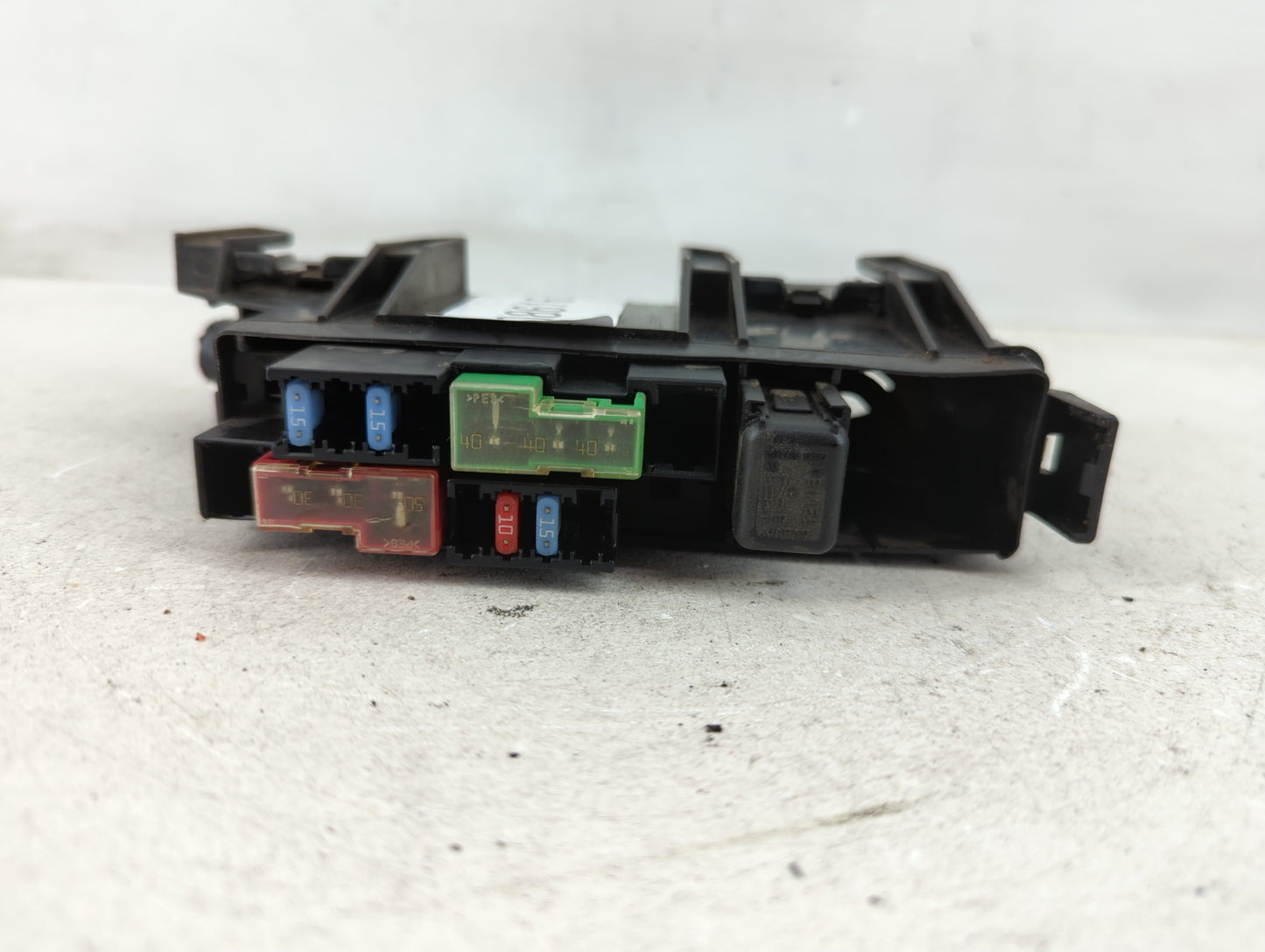2002-2006 Nissan Altima Fusebox Fuse Box Panel Relay Module P/N:24582 8J010 Fits Fits 2002 2003 2004 2005 2006 OEM Used Auto Parts - Oemusedautoparts1.com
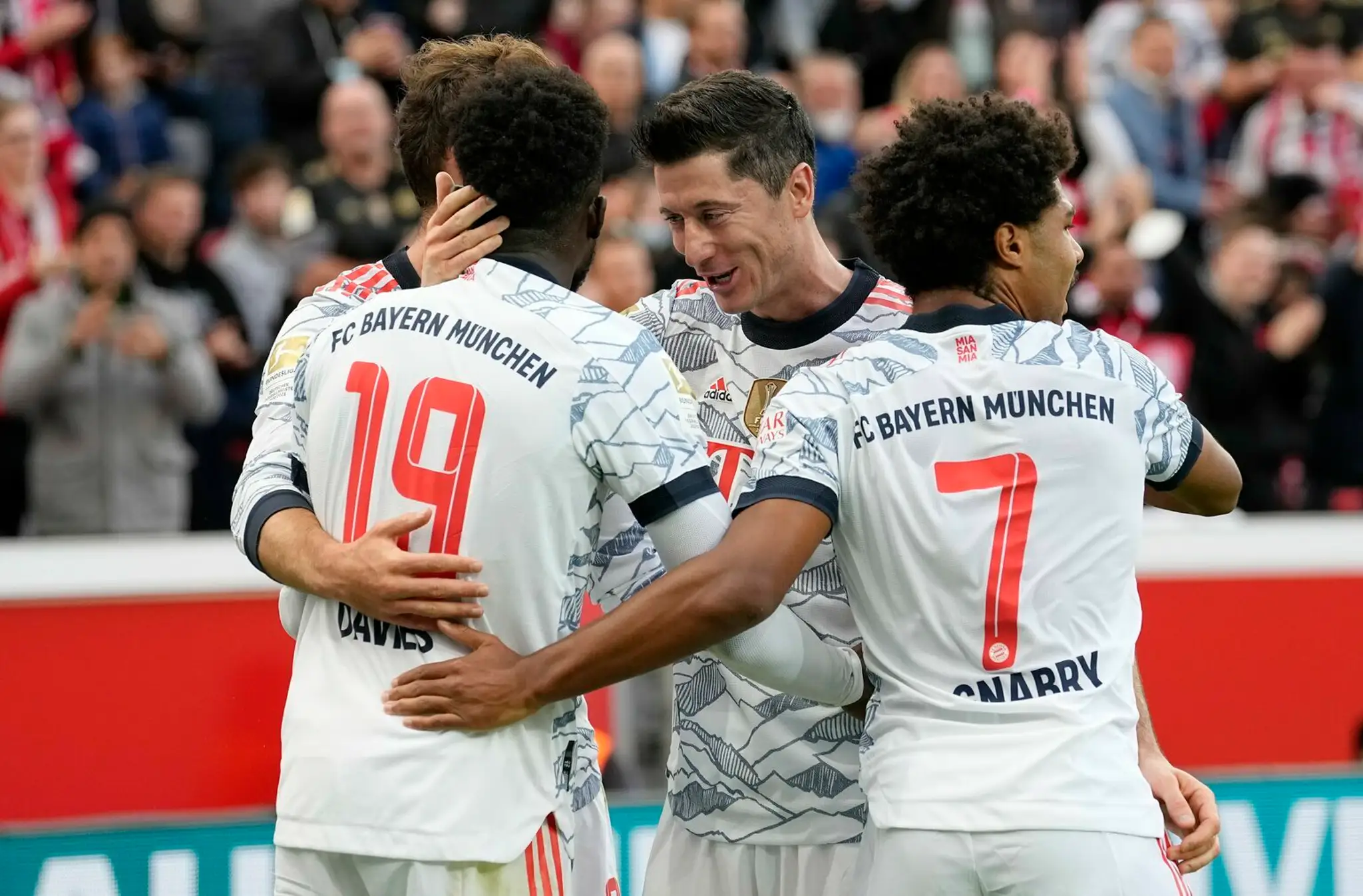 Hráči Bayernu oslavujú gól na pôde Leverkusenu.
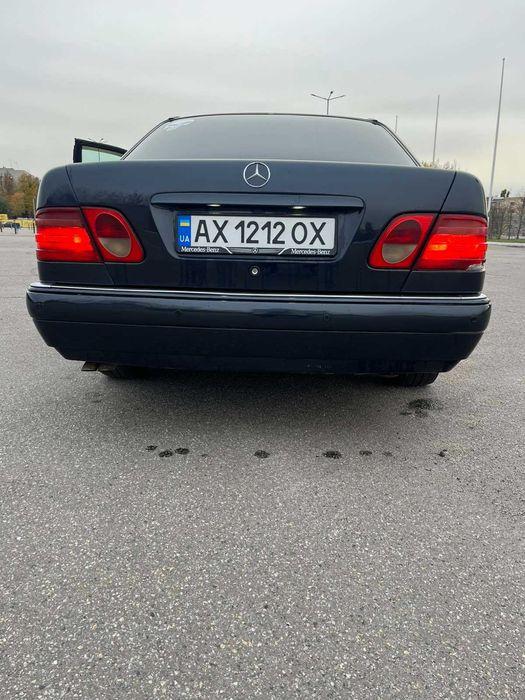 Mercedes-Benz E-Class 1998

Directions. Restate all of the material above word for word. Pictures do not belong in it.

Task answer.
2002-2006 Nissan Altima Fusebox Fuse Box Panel Relay Module P/N:24582 8J010 Fits Fits 2002 2003 2004 2005 2006 OEM Used Auto Parts - Oemusedautoparts1.com
 Hráči Bayernu oslavujú gól na pôde Leverkusenu.
 Mercedes-Benz E-Class 1998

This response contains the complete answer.